This does not come as a surprise. Everything we do, in one way or another, is emotional: we are happy when entertained by friends, sad when attending a funeral, angry at our parents, and tired during class. We often describe our lives in terms of how we feel, with the emotions we experience often dictating our perceptions of a particular moment or time. 

For these reasons it is natural that the importance of emotions is recognized in religious spheres as well. Speaking from within the Christian tradition, Theologian Gregory S. Clapper argues:
 
The ‘emotions’ are a crucial part of human existence; some would even say they are the defining aspect of human life. Because of this, theology—the Church’s reflections on God and humanity—must, in every generation, come to grips with affectivity.1
 
            As Clapper would be quick to reference, the Bible often displays, and even commands, emotions. Indeed, since the beginning of creation God has endowed us with emotions, intended to—as we are image bearers of God—reflect His goodness and perfection through humanity. The goal of this piece, then, is to present a Christian perspective on emotions and, through the Scriptures, paint a picture of how emotion interact with another aspect of the self: our intellect. I hope to show that reason and faith are not two separate faculties but are interdependent. It is in no way comprehensive, but it aims to show why emotions are important in our faith for three reasons: first, because the Bible speaks into emotions, it is imperative that we understand what biblical emotions look like; second, because emotions figure prominently in our everyday lives; and third, if Christ, who is the bridge between God and man, displayed emotions, then we must pay attention. Emotions, in one capacity or another, have a role to play in our Christian discipleship.
 
II. A (Working) Definition of Emotion
 
            The Bible does not provide us with a clear-cut definition of what emotion is, but it does provide us with enough information to discern the moral quality of certain emotions. This quality is principally found within their source. For starters, if emotions are unrelated to any cognitive processes and are mere deterministic physiological responses to different situations, then we need not worry about being responsible for how we feel--emotions become a matter of is and not ought. This perspective implies that we cannot control our emotions but are subject to them—we feel happy and sad simply because the chemicals in our brain are sending signals as such, randomly and out of our control. 

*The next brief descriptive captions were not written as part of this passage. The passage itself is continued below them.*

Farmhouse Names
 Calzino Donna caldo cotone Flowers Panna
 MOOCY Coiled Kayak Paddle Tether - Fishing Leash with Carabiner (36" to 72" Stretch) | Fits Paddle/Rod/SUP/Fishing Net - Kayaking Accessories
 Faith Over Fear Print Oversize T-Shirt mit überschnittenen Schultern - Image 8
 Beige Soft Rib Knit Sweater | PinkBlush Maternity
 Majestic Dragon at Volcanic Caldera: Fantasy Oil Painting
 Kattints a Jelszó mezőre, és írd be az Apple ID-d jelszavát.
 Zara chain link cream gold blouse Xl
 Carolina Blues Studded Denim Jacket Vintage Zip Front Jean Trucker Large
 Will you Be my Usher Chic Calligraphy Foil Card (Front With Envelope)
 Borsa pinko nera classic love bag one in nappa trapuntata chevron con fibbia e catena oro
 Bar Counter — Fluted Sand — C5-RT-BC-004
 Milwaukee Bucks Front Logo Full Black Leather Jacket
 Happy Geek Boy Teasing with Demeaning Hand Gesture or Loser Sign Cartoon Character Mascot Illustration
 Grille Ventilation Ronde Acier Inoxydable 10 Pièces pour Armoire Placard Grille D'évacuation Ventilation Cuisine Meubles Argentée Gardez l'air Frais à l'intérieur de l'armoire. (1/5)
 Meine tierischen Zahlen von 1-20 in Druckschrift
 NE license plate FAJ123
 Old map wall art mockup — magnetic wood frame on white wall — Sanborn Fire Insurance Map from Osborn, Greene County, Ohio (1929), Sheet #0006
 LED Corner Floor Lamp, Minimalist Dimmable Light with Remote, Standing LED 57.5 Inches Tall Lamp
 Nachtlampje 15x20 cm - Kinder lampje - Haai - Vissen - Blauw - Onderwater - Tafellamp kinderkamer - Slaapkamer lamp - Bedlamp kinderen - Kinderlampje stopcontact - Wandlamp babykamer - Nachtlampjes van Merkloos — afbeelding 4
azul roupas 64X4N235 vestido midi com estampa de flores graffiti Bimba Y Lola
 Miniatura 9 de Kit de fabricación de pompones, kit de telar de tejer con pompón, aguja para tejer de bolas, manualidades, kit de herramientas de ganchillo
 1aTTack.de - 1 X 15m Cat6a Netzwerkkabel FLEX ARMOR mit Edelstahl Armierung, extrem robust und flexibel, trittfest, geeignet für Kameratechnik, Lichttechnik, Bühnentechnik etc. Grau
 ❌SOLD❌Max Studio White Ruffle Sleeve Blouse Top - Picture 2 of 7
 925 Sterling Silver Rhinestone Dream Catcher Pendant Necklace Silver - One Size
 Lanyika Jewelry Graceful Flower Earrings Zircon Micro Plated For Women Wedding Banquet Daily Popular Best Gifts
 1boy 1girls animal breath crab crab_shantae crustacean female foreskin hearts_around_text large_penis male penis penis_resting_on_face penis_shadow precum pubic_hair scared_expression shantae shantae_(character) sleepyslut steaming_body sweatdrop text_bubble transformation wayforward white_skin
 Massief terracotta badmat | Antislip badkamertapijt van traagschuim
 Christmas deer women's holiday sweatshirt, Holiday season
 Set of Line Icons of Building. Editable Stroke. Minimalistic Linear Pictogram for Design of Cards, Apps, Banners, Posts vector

Triumphing over this mechanistic determinism, the Bible commands us to feel certain emotions. In Matthew 22:37-39, Jesus points out the greatest commandments in Scripture: “‘Love the Lord your God with all your heart and with all your soul and with all your mind.’ This is the first and greatest commandment. And the second is like it: ‘Love your neighbor as yourself.’” The nature of these commands is worth further reflection. This duty implies that cognition—our ideas, beliefs, and judgments—items within our own agency—are the things that gives rise to different feelings. As this agency is a product of our individual intellect and will, then it follows that emotion should flow from proper thought. No longer are our emotions mere physiological impulses; they are indicative of what we know and value.2 The happiness we feel when seeing a newborn child is built from our knowledge of the opportunity tucked in the occasion; an act of injustice inspires anger in us because it is reasonable to desire a world in which evil is punished and goodness prevails. 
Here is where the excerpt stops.